Scotland would not be alone in having its own tax rate from April 2016 - and holding onto the resulting revenues - if UK company directors had their way.

According to a survey by the Institute of Directors (IoD), more than two-thirds of managing directors favour tax powers being devolved to cities or regions south of the border.

The finding indicates that the idea of devolving tax powers on a permanent basis, as Holyrood was pledged before the vote, is no longer appealing to only Scots.

Although the specific tax powers incoming to Scotland  are yet to be identified, Westminster’s guarantee that workers in Edinburgh will have their own rate of income tax appears to have convinced IoD members that cities in England deserve to have the same for their workers.

Almost 900 IoD members were polled online following the vote, and 67 per cent said they would like to see devolution of tax (and spending) powers at the regional and city level.

For now though, even the practicalities of how just two tax systems will operate is concerning accountants, let alone the prospect of how numerous tax systems would work.

“Politicians must confront the crucial question of how much tax competition they are willing to entertain within the United Kingdom,” reflected the Chartered Institute of Taxation (CIOT).

“Two tax systems will impact on where taxpayers decide where to live, where businesses decide to base their operations, where business is done in the UK, and where businesses decide to invest.”

Speaking at the weekend on behalf of Scotland’s entrepreneurs, the boss of Aberdeen Asset Management said the most attractive campaign promise by the SNP was to set corporation tax three percentage points below that for the rest of the UK.

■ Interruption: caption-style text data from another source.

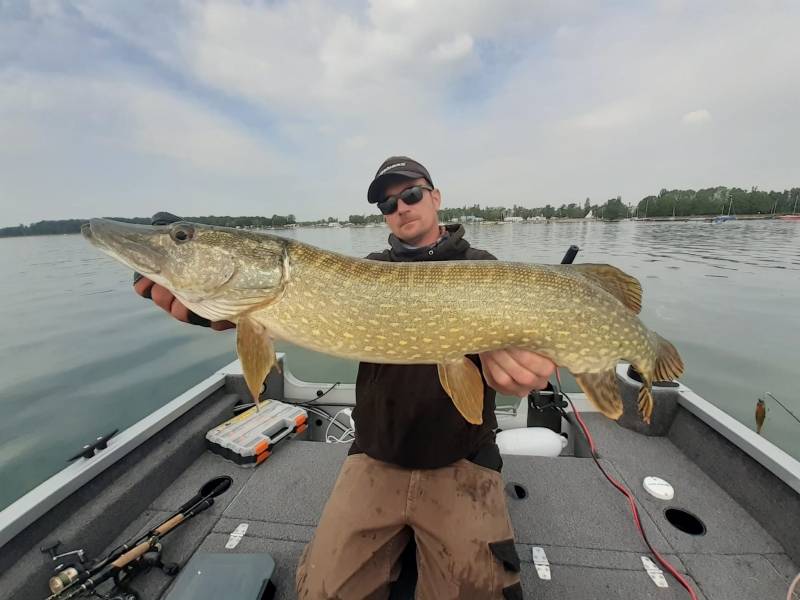 Pêche des carnassiers sur le lac de Plobsheim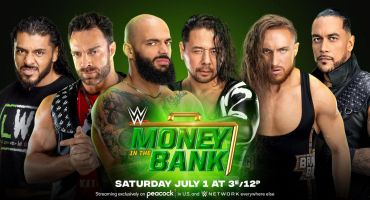 Money in the Bank ladder - mens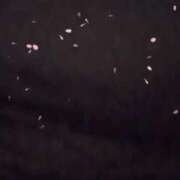 ヒメ日記 2025/05/12 19:28 投稿 蓮（れん） 熟女の風俗最終章 大宮店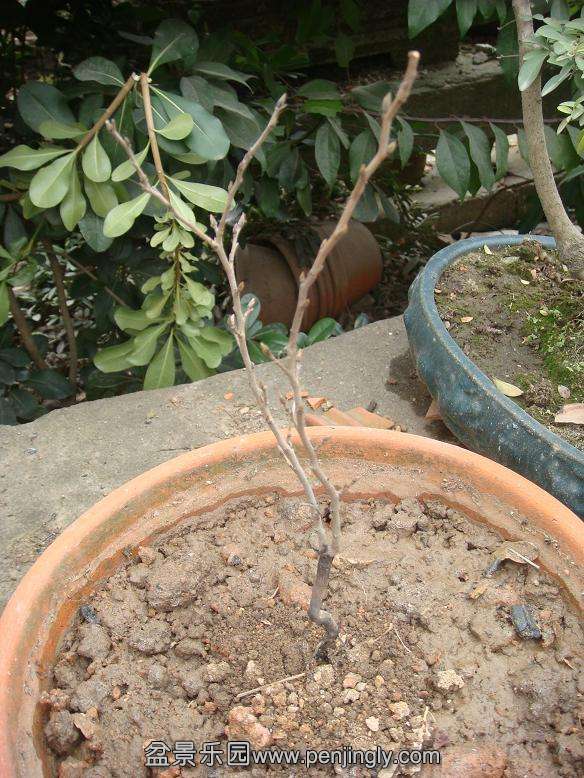 DSC06473.JPG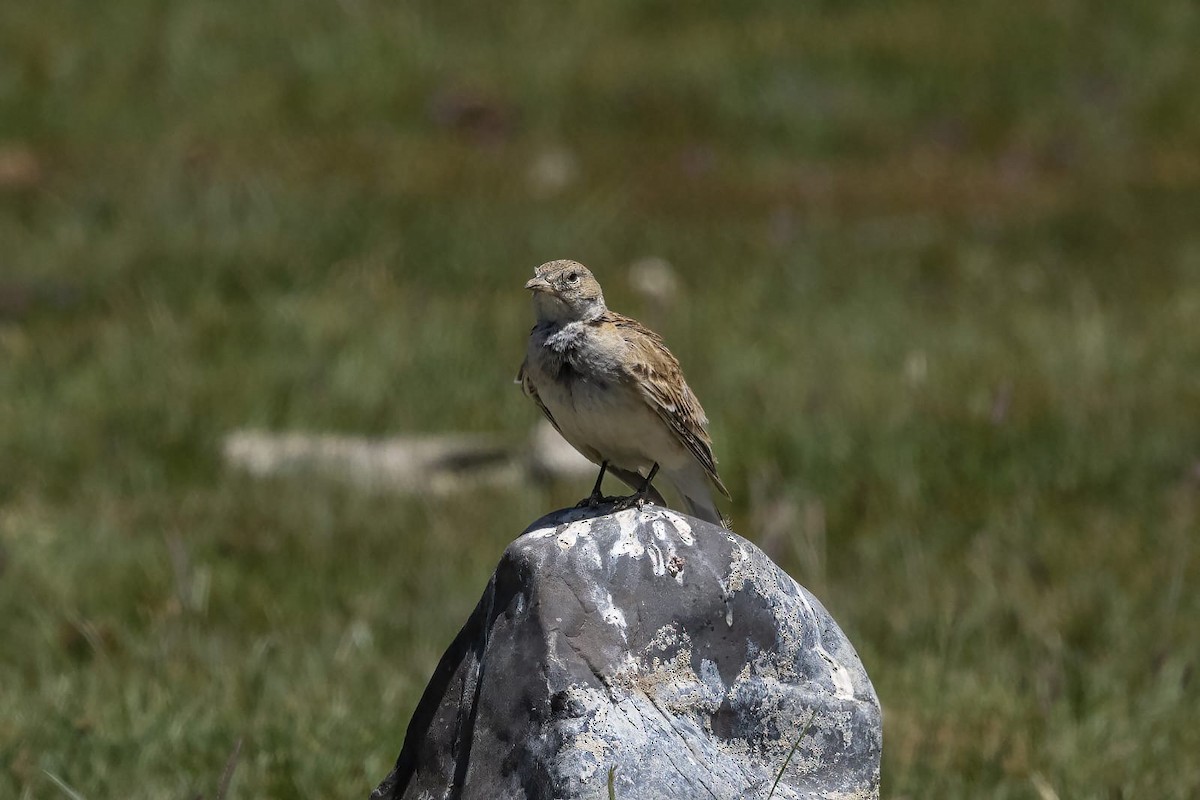 Tibetan Lark - ML622637207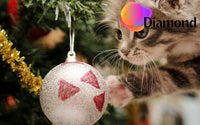Thumbnail for Kitten en kerstbal Diamond Painting for you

“There is so much more we can do, though,” Martin Gilbert, the company’s CEO wrote in yesterday’s Sunday Times. “A Scotland with greater fiscal freedom could offer a range of grants and tax advantages to encourage start-ups and emerging businesses, including reduced employers’ NICs.”

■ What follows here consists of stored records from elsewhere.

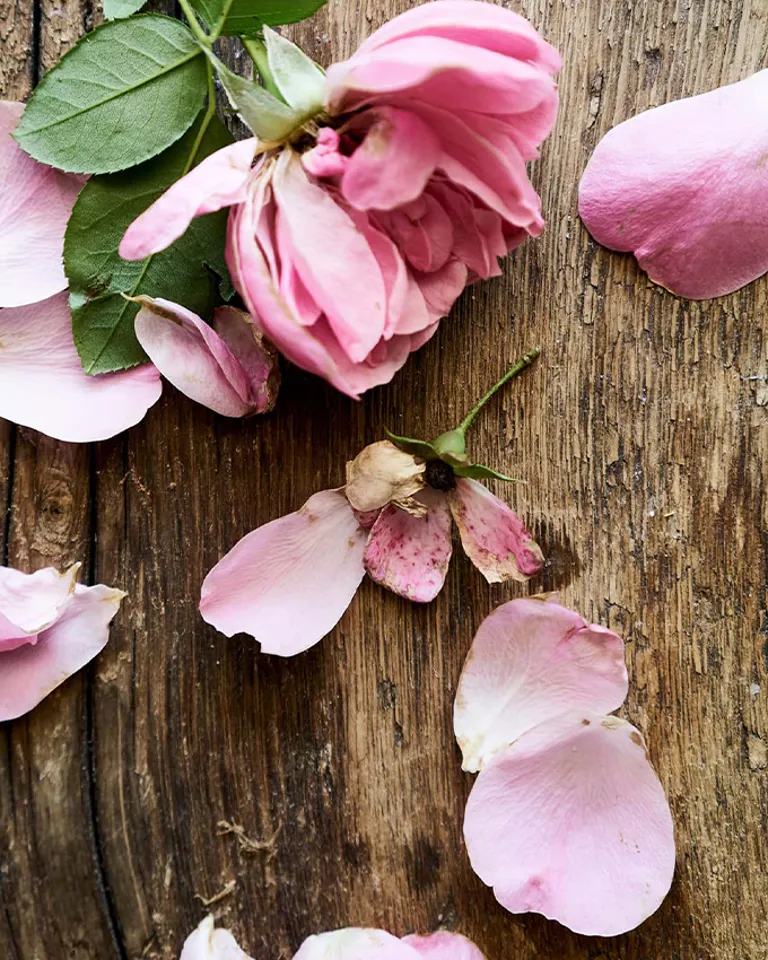 02 Bachmair Weissach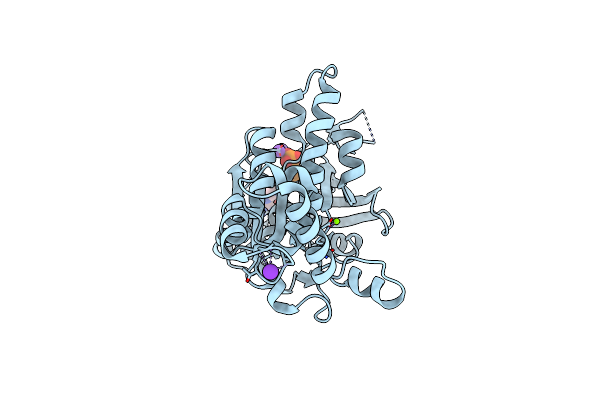 2FPM image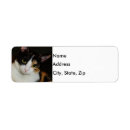 Search for calico cat return address labels Kitty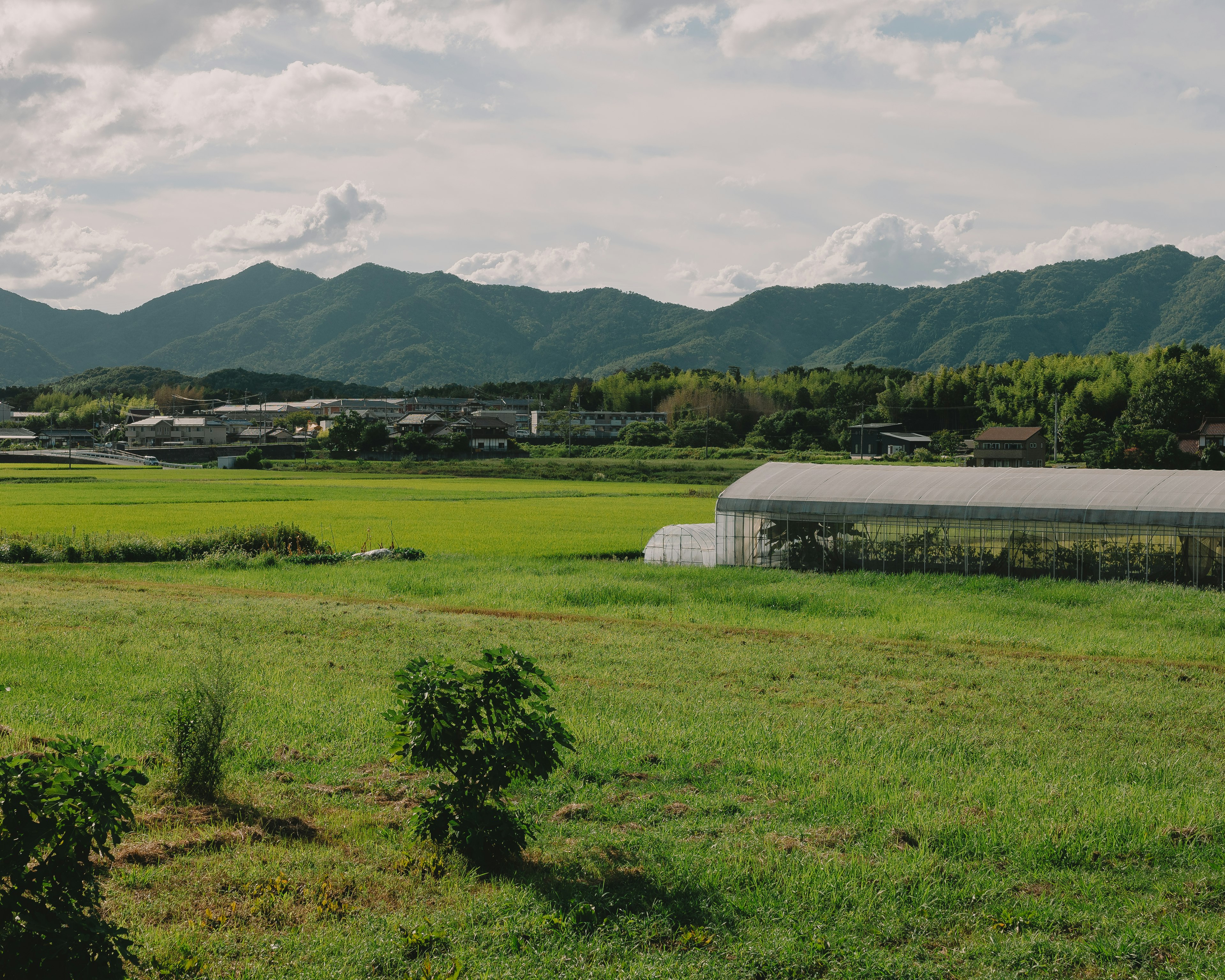 Paysage de champs verdoyants avec des montagnes en arrière-plan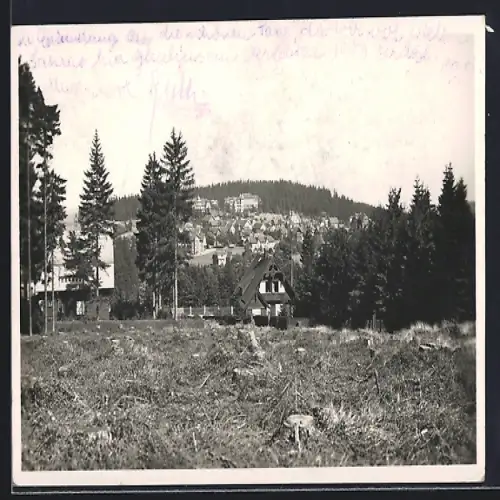 AK Oberhof i. Thür., Ortsansicht mit Bäumen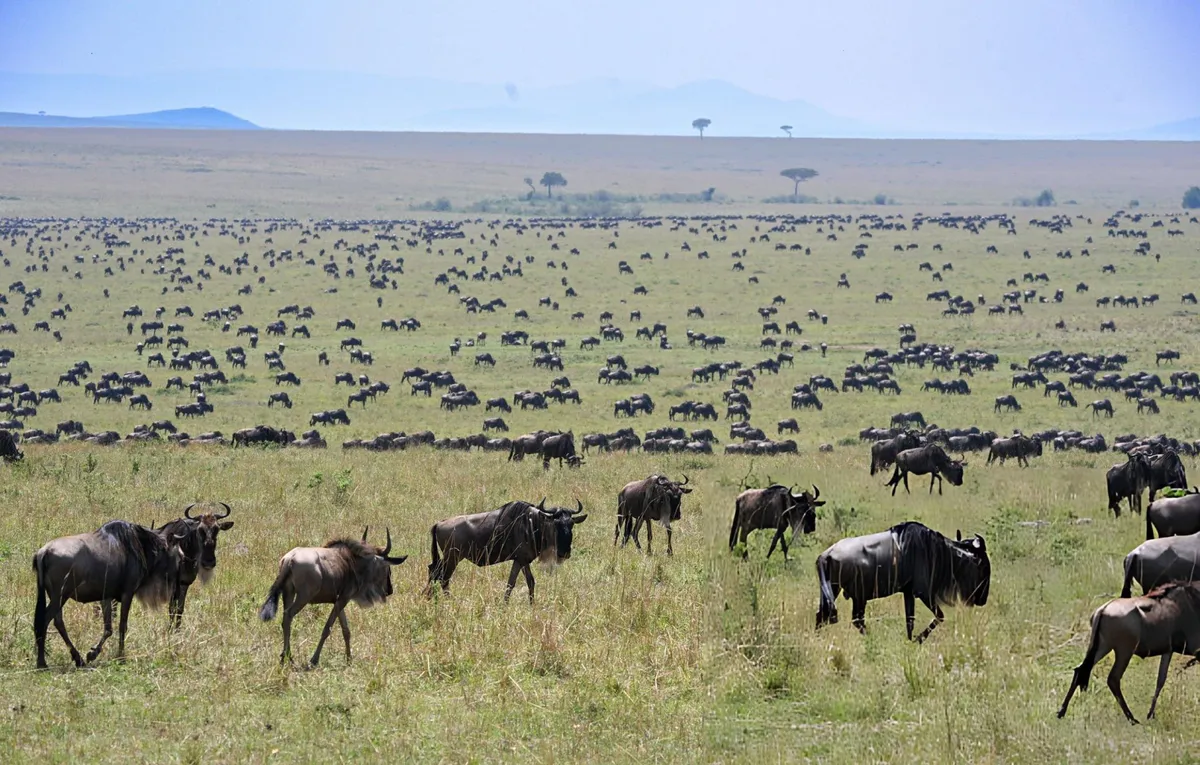 Tanzania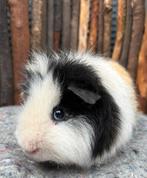 Cavia beer Scottie (word gecastreerd), Dieren en Toebehoren, Juni, Mannelijk, Cavia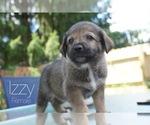 Puppy 1 English Shepherd-German Shepherd Dog Mix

At present however, it is just income tax, landfill tax and the equivalent of stamp duty that Scots tend to expect are going to transfer to Holyrood, assuming the current devolution rules are not changed.

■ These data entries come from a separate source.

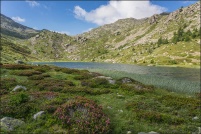 05100 - Névache.  Lac de Cristol, altitude 2245m. : 05,Névache,Lac,Cristol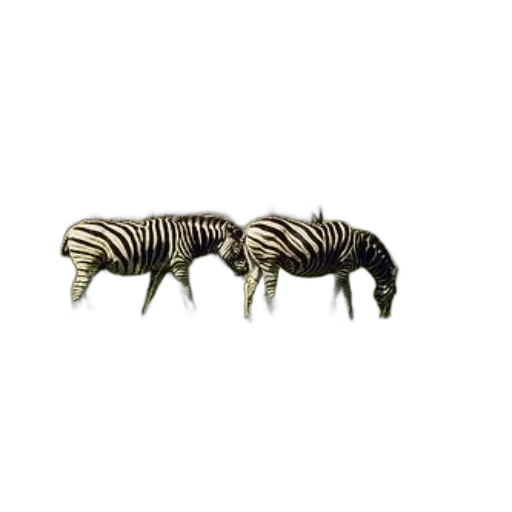animal, creature, hair, furniture transparent PNG cut-out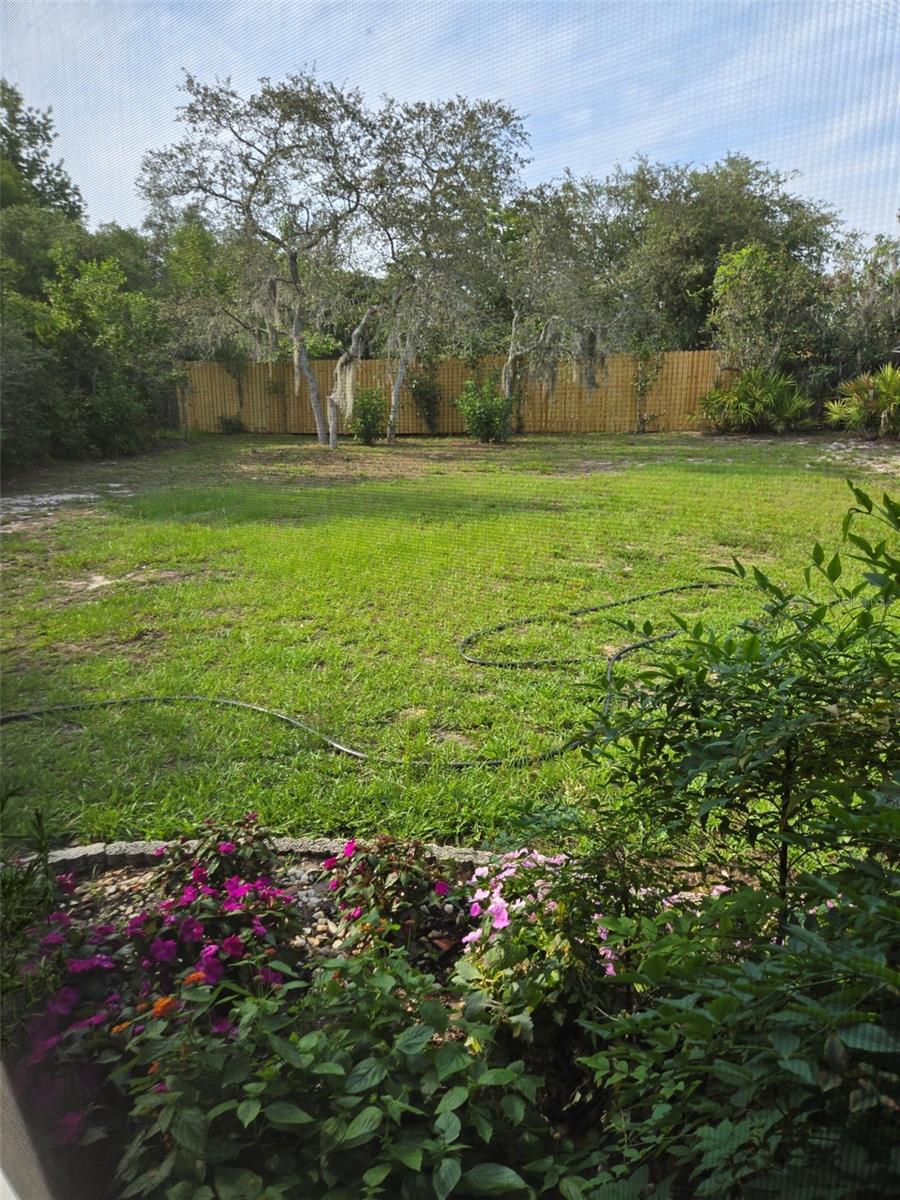 Listing photo id 29 for 6197 Belkton Avenue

This limited list may reassure some, as business group the CBI has warned that too much variety in tax rates and rules could “undermine the strength of the single internal market.” Any complexity might also deter investors from outside the UK.

The CIOT’s Moira Kelly reflected: “In anticipation of a ‘devolution convention’ for the Scottish Parliament, politicians of all colours and stripes must be clear about what tax decisions they are willing to devolve”.

She added: “The political convention provides an opportunity for Scotland and the UK to address what can be done with taxation in terms of devolution, and how differential tax rates, thresholds and allowances will affect the operational make-up of the UK economy.”